EXERCISE INPUTS:

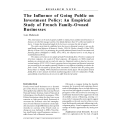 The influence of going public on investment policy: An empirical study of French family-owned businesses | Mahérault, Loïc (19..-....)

--

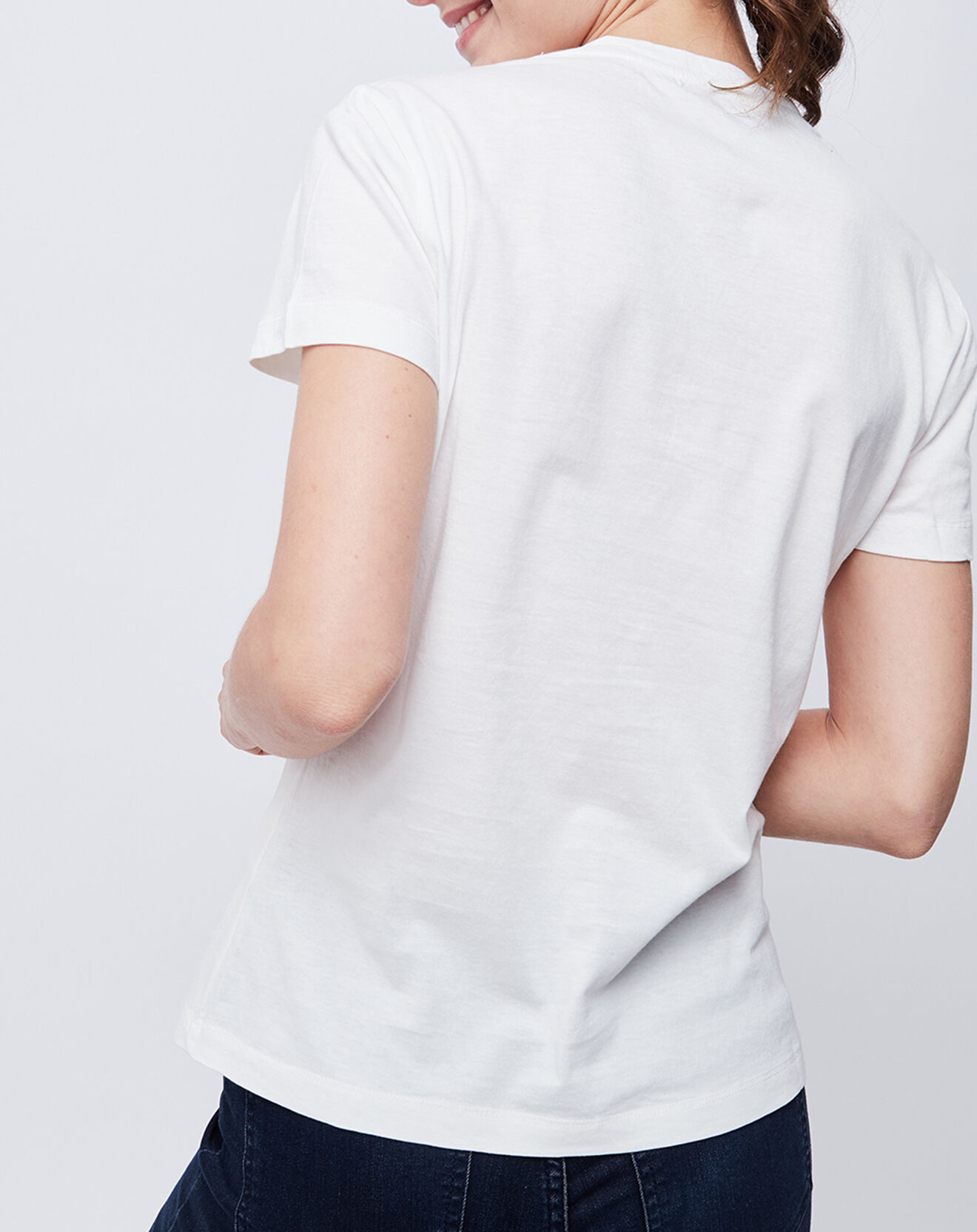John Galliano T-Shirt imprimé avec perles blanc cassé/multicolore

==

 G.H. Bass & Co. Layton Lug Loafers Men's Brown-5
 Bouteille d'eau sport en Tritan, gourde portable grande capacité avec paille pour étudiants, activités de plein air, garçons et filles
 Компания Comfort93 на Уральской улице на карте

EXERCISE OBJECTIVE: Of the lines above, output exactly those from the line bearing "G.H. Bass &" through the line bearing "Компания Comfort93 на", inclusive.

ANSWER AREA:
 G.H. Bass & Co. Layton Lug Loafers Men's Brown-5
 Bouteille d'eau sport en Tritan, gourde portable grande capacité avec paille pour étudiants, activités de plein air, garçons et filles
 Компания Comfort93 на Уральской улице на карте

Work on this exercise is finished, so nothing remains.